I've read Eurpeana and it was amazing! I wish the Dalkey Archive would publish more of Ourednik's works.

Tom

Maybe think of Dan Brown as the anti-pynchon. The Da Vinci Code has an excellent premise and the promotion was brilliant, showing those paintings, almost like a Ripley's Believe-It-Or-Not feature, drawing people into the fun of the mystery. Who can blame Brown (or maybe his publisher) for deciding to enlarge the tent to include young readers and/or people who seldom read? My own son took an interest in history because of this book. It doesn't matter if Da Vinci really believed the stuff, the point is, it's fun to speculate.

by dan s on

tom, fair points. that particular character, the linguist, is one of the stars of the book. and littell is certainly an important writer. i'd like to see his next one come more from his muse and less from his notes. hearing your words on 'europeana' is like midmorning in the office, someone is eating something good, and you're hungry already.

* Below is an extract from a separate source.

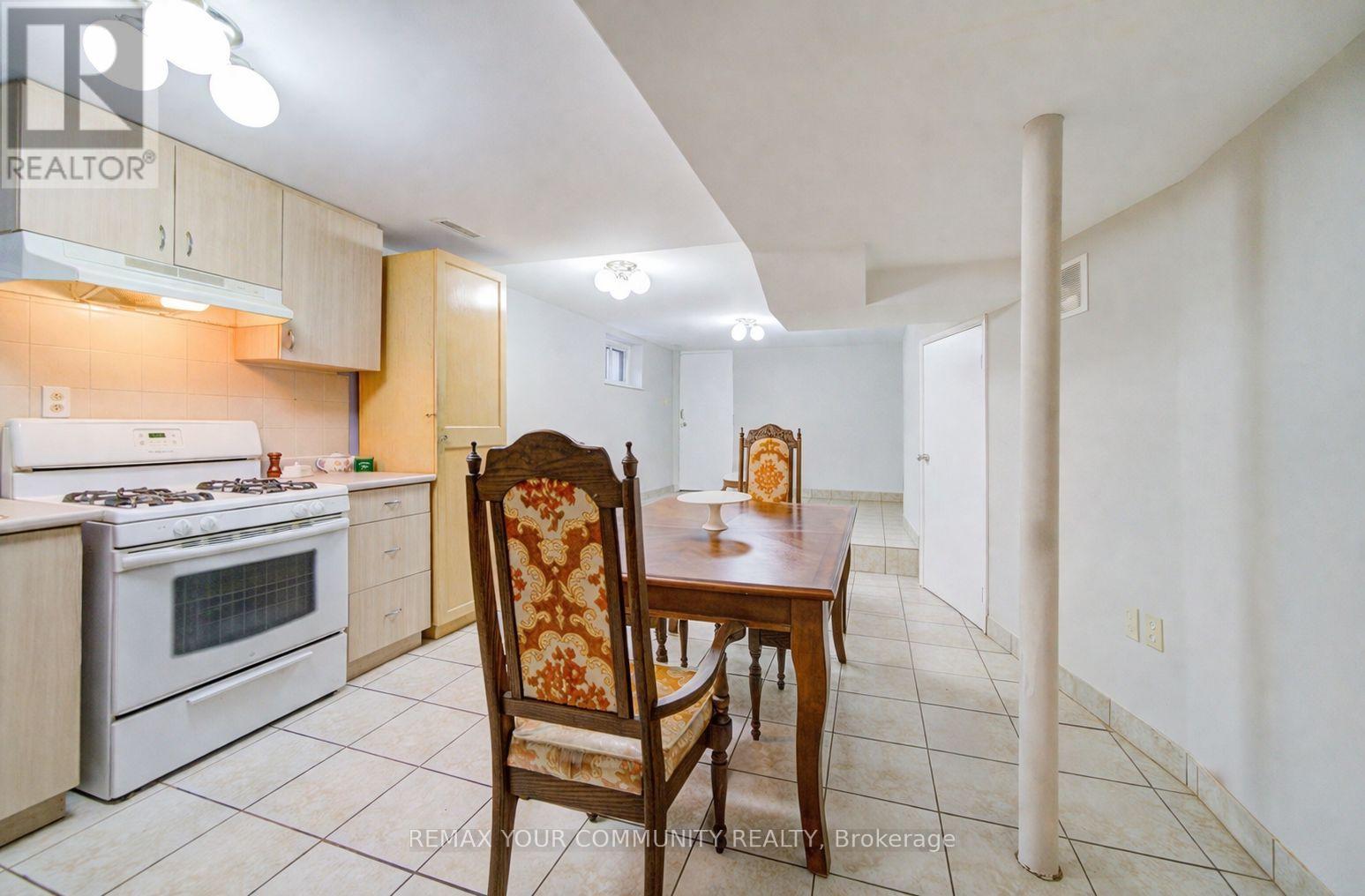 69 Wintergreen Road, Toronto, Ontario  M3M 2H9 - Photo 32 - W12917950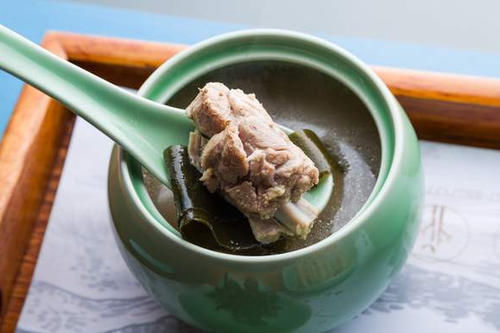 猪肉价格|炖骨头汤,牢记“2不放”窍门,味道鲜美无腥味,骨汤又浓又白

Oh, and Steve, I'm a Philip K. Dick fan. I've read The Three Stigmata of Palmer Eldritch but my favorite is VALIS.

Levi, there is an excerpt from the new Coetzee book in the current issue of Harper's magazine.

And, I'm definately getting the new Sam Savage. Firmin was a really nice book, very humanistic even if it was about a rat. A humanist rat, one could say.

Also, the new Pynchon, mentioned in the NYTBR sounds good. Come on - a doper detective in 70s LA with homage to Chandler and Hammett? What's not to like? Plus according to the times it's only 300 some pages. A short story!

by Muzzy on

Two words:

Evil.

Albino.

The willingness to read past page 2 of the DaVinci Code is proof the reader's taste is null and void.

Point well taken about the evil albino. I keep forgetting that part.

Which reminds me, whatever happened to Johnny Winter?

by Kevin on

I'm going to go out on a limb and guess that your Tom Hanks clarification was aimed at Jamelah and/or Caryn.

by Tony on

To me, one Sam Savage novel is worth a thousand DaVinci Codes.

by Janet Reid on

Vollmann's IMPERIAL.

I think I might be reading this for all of 2010 as well.

And I just subscribed to the Archipelago Books series, so I'll have something new and delicious and unknown arriving periodically as a respite.